Separation anxiety is one of the most common behavioral problems in dogs. It can be frustrating and challenging to manage, but there are some tips you can try that will help your dog feel more secure when left alone! Here are some healthy ways to manage your dog’s separation anxiety.

What is Seperation Anxiety?

Separation anxiety occurs when a clingy dog gets dangerously stressed when left alone. In some cases, it’s a bit of whining and crying when you go out. In other, more serious cases, it’s a severe condition and one of the leading causes why owners give up their dogs. 

Fortunately, there are plenty of things you can do to change this. First, determine what causes this anxiety. These are some factors that could play a role:

Being left alone for the first time

Change of owners

Moving from a shelter to a new home

Sudden change in the family routine

Death of a family member

A dog who suffers from separation anxiety exhibits a lot of stress when they are alone. They might:


Have indoor “accidents” even though they are housetrained


Howl, bark, or whine excessively


Chew on things, dig holes, scratch at windows and doors


Drool, pant, or salivate more than usual


Pace, often in an obsessive pattern

Treating Minor Separation Anxiety

  • Normalize arrivals and departures—speak with your dog in a calm voice when you’re leaving and returning.
  • Set a word or action that you will use every time you go out that tells your dog you’ll be back.
  • Consider using a calming natural product that reduces anxiety in dogs.
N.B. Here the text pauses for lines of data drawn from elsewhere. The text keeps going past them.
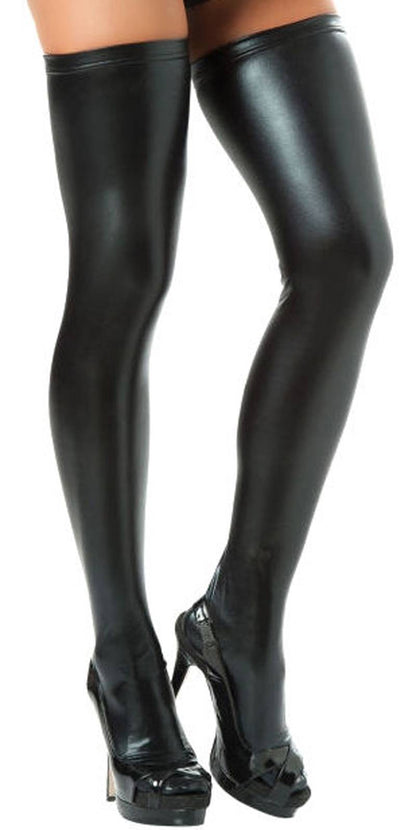 Patent Leather Socks Thigh Socks Faux Leather Pants - Amazhona 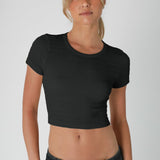 Shirred Crop Top - Black, Women's Tops Collection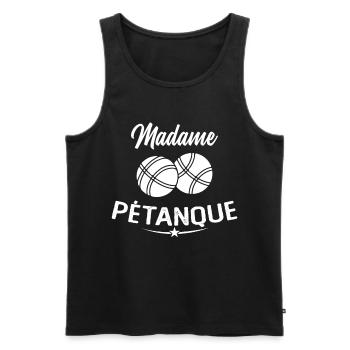 Madame Pétanque Humour Cadeau - Débardeur bio Premium Homme - noir - Devant - Michal (187cm)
Handling a More Severe Problem

Teach your dog the sit-stay and down-stay commands applying positive reinforcement. This will help them understand that they can remain calm in one room while you go to another room.

Exercise and mental stimulation are essential to reducing anxiety in dogs. Be sure your dog gets adequate exercise before you leave. Your regular walks won’t reduce stress but exploring new places will.

Build a “safe place” to restrict your dog’s destructive reaction while you’re away. A safe place should:

  • Restrain the dog loosely (a room with a window, food, and toys)
  • Accommodate busy toys for entertainment
  • Having dirty laundry nearby can provide a familiar, calming scent cue

Additional Tips for Your Dog to Learn to Be Calm

It can take some time for your dog to forget their fear response every time you leave the house. To facilitate this process, consider the following tips:

  • Speak to your veterinarian about alternative treatments to reduce your dog’s overall anxiety.
  • If your dog loves the company of other dogs, take him to a trusted doggie daycare facility or kennel.
  • Leave your dog with a family member or trustworthy neighbor when you’re away for long periods.
  • Take your dog to work with you whenever possible.